#### RECORDED DATA:
-*-*-

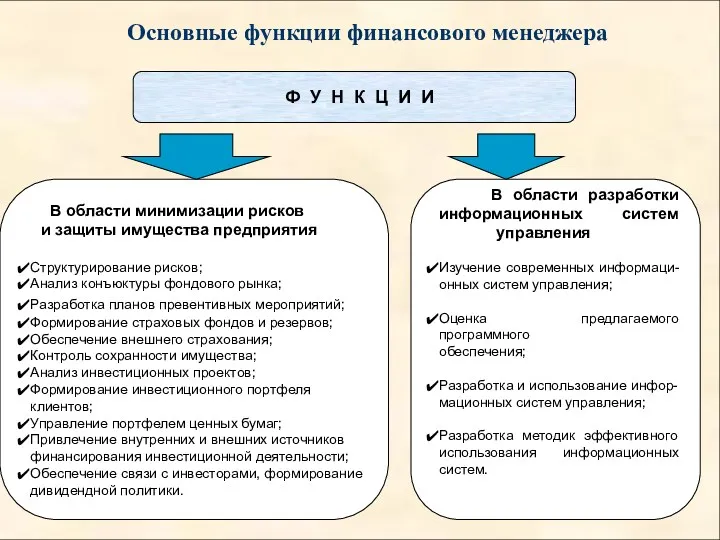 Ф У Н К Ц И И Основные функции финансового менеджера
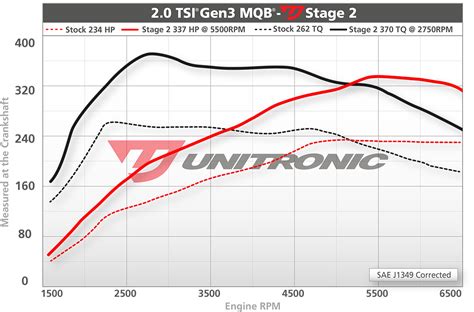 Volkswagen GTI 2.0 TSI ECU Upgrade Software - 228HP 2020-2021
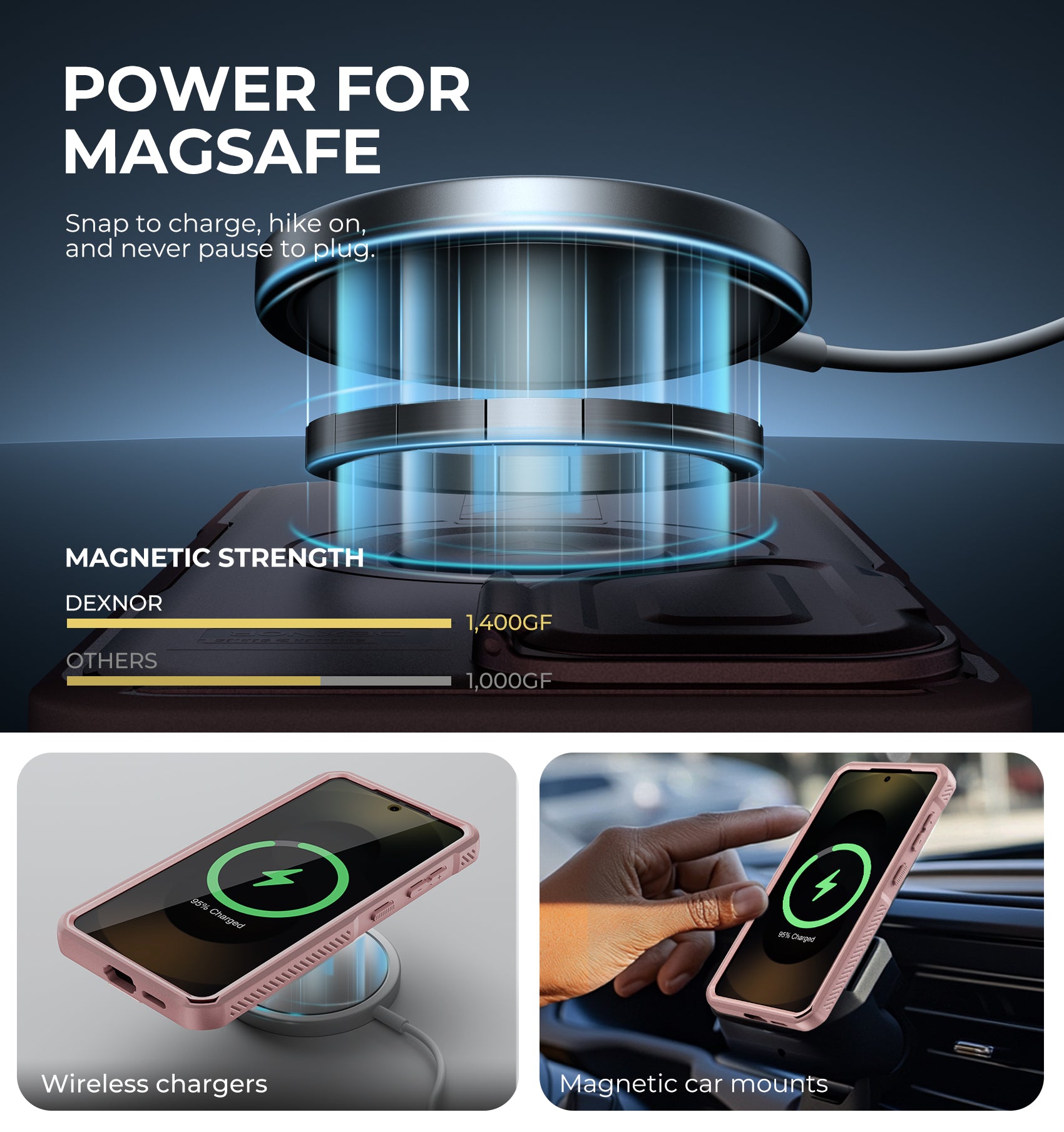 Dexnor Case for Samsung Galaxy S26 with Camera Cover Adjustable Kickstand Screen Protector Compatible with MagSafe Rugged Shockproof Magnetic Protective Cover 2026 6.3 Inch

-*-*-

#### YOUR GOAL:
Please print the data above in its entirety, exactly, but without any picture.

#### WRITTEN ANSWER:
 Ф У Н К Ц И И Основные функции финансового менеджера
 Volkswagen GTI 2.0 TSI ECU Upgrade Software - 228HP 2020-2021
 Dexnor Case for Samsung Galaxy S26 with Camera Cover Adjustable Kickstand Screen Protector Compatible with MagSafe Rugged Shockproof Magnetic Protective Cover 2026 6.3 Inch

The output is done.